Ace on the river ends World Poker Champion run for Batavia native

Ron “Tigar” Penepent has been to Las Vegas a few times. But on this trip, he had the time of his life even if he didn’t win a portion of the more than $15 million pot up for grabs in the 2022 World Poker Tour World Championship.

The Batavia native won his $10,400 buy-in to the tournament and was hoping to make a deep run, but on the third day of play, he got beat by an ace on the river.  Worse, he was the one holding a pair of aces.

“This has been an unbelievable experience,” Penepent said. “It was a bucket list item of mine to play in a big-stakes tournament.”
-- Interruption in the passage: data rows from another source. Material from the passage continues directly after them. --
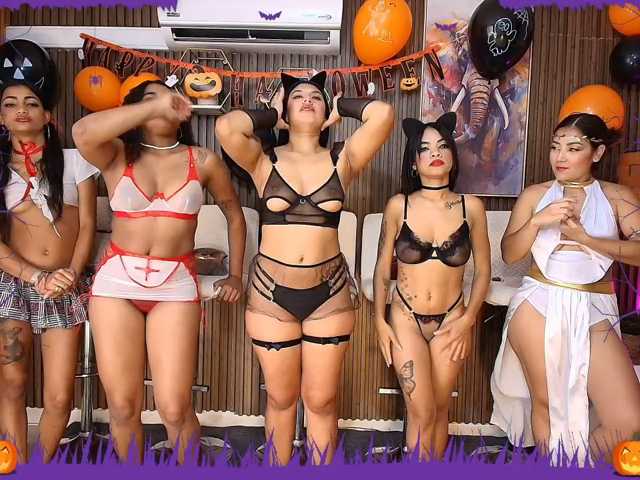 Canelasquirtxxx1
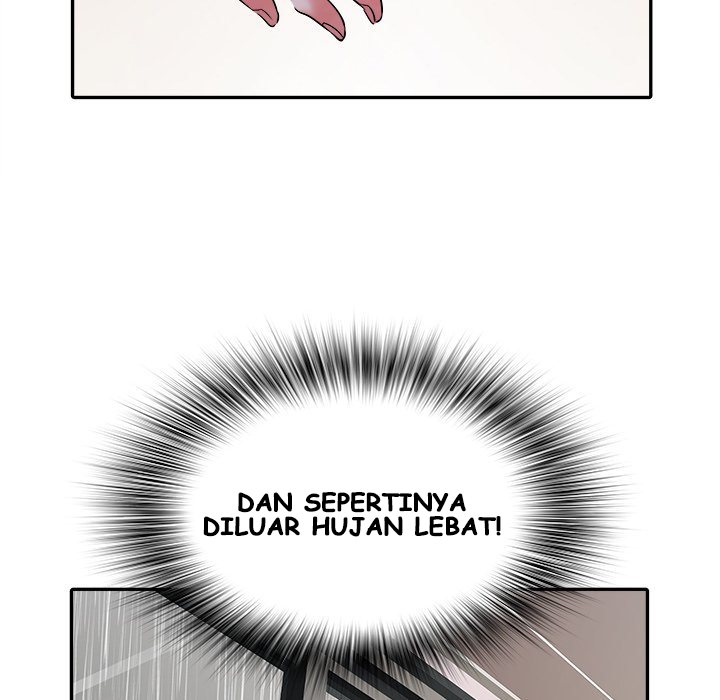 image-komik-block-69-chapter-23-95/109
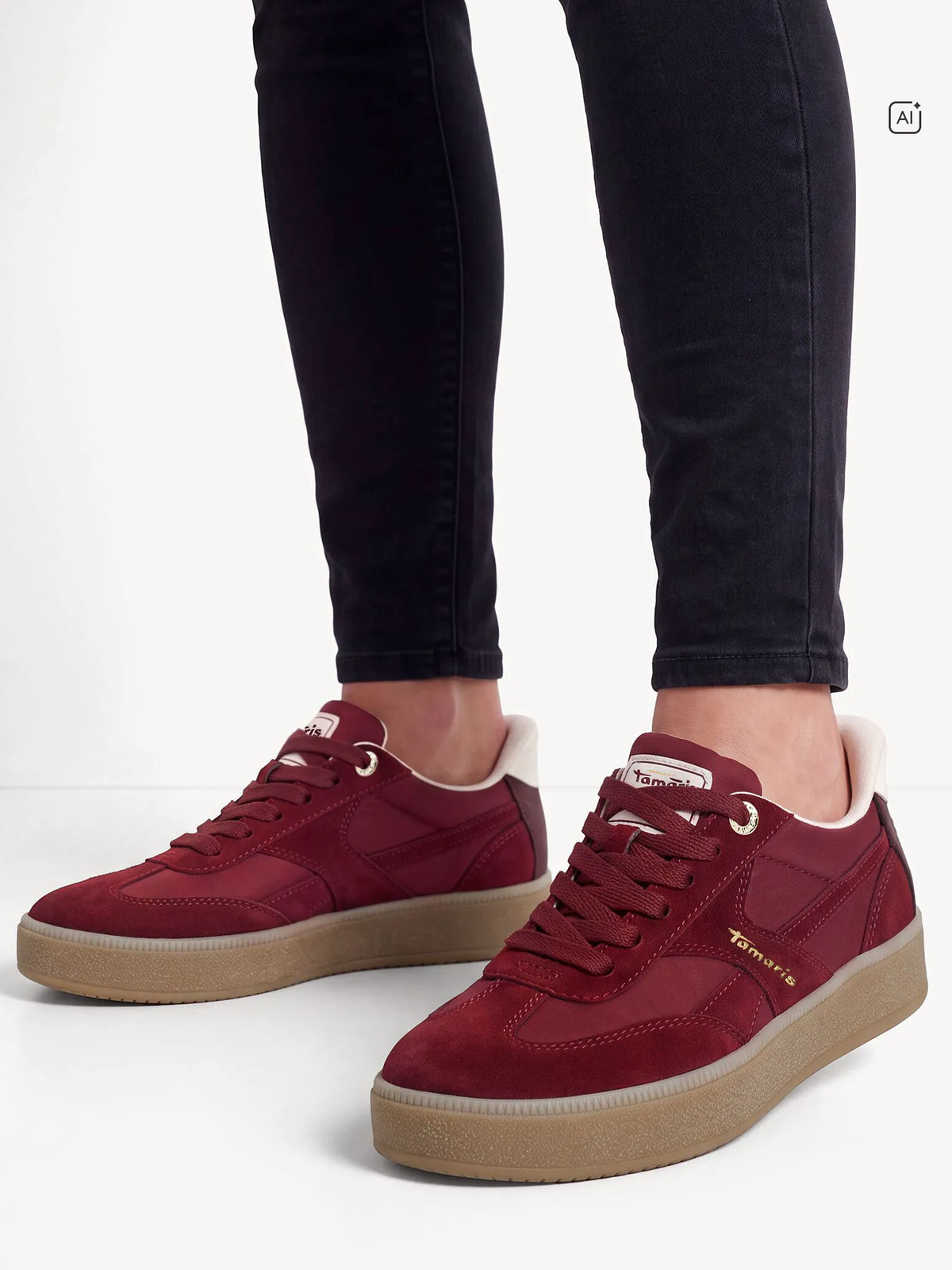 CRANBERRY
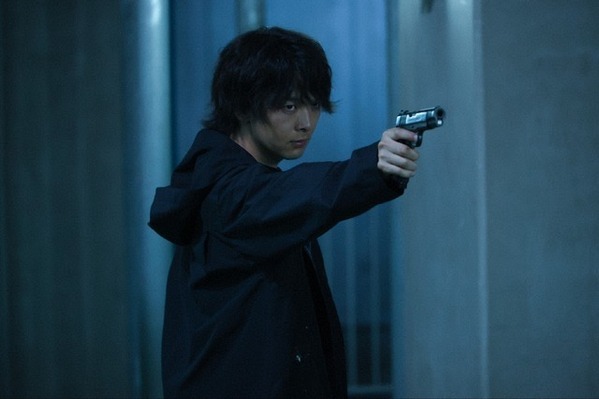 「終わっちゃった」「最高のバディだった」高橋海人×中村倫也“バディ”を惜しむ声続々…W主演「DOPE　麻薬取締部特捜課」最終話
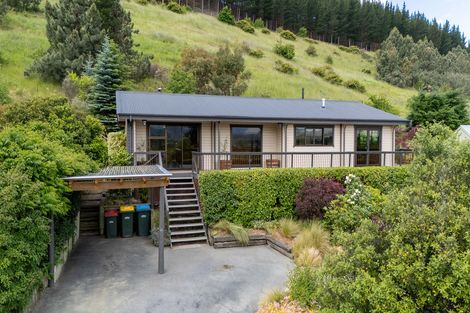 Photo of property in 26 Shields Street, Clyde, 9330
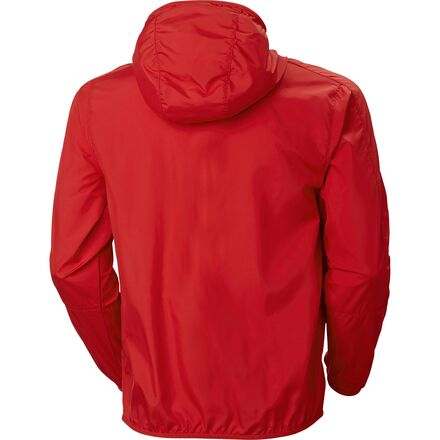 Helly Hansen - Juell Light Jacket - Men's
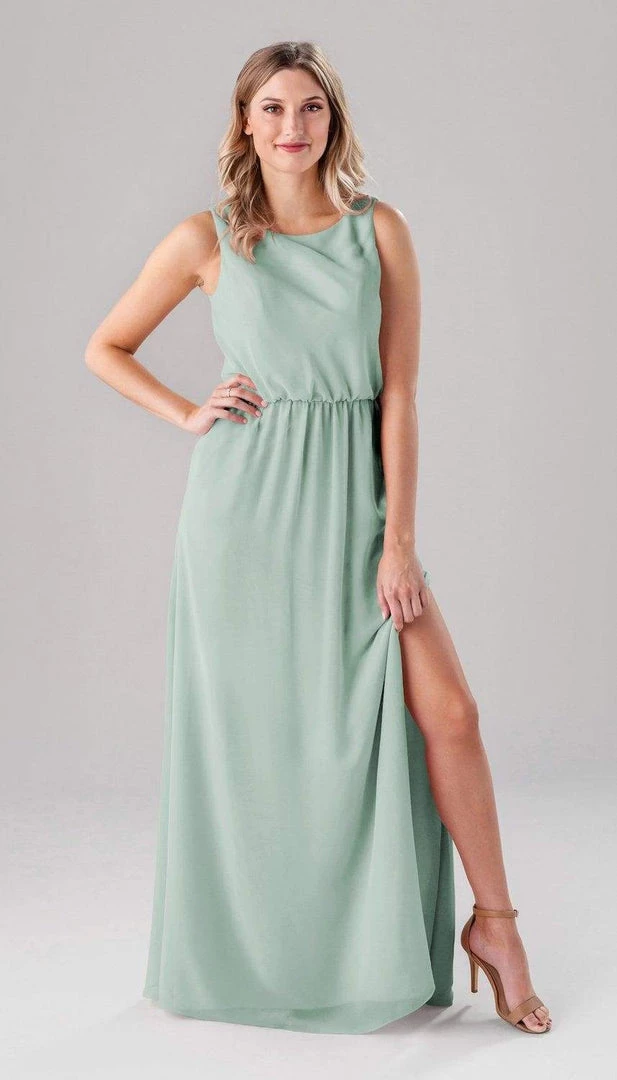 Kennedy Blue Sample Amanda Size 10 Try Before You Buy 4 Kennedy Blue Sample Amanda Size 10 Try Before You Buy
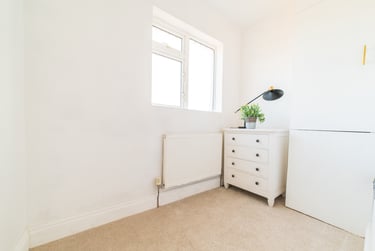 3 bed house, Canton, Cardiff, CF118BZ - Image 14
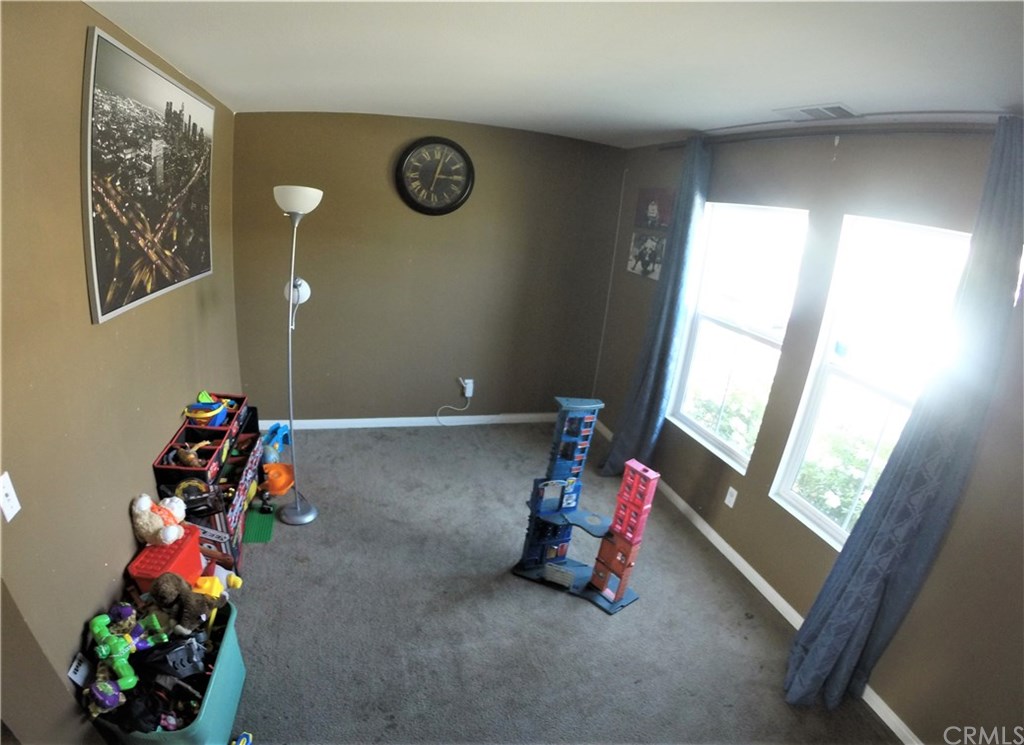 7483 Silverspot Road Riverside, CA 92507 - Photo 5 of 17 Gallery Image 5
A love of poker runs in the Penepent family.  His father used to host regular games after hours at Ron’s Shell at Main and Oak in Batavia.

“It was my father, my uncles, a bunch of good friends,” Penepent said.

Penepent joined the World Poker Tour site 20 years ago, and he told his father that he would play in a big tournament one day.

Unfortunately, the elder Penepent passed away a couple of years ago so he didn’t get to see “Tigar” (his nickname since he was a child) sit down at a WPT hold-em table.

About a dozen family members did travel to Vegas to support Penepent during the tournament.  They’ve all been having a good time, he said, and now he’s out of the tournament, he and his wife Patty are going to have some fun, too.

They think they will go to the shop where the TV series “Counting Cars” is filmed, as well as the bar, Vamp’d, owned by the show’s star, as well as the Pawn Stars pawn shop.

As for that final hand, Penepent, who now lives just outside of Chattanooga, Tenn., isn’t calling it a bad beat or even a misplayed hand.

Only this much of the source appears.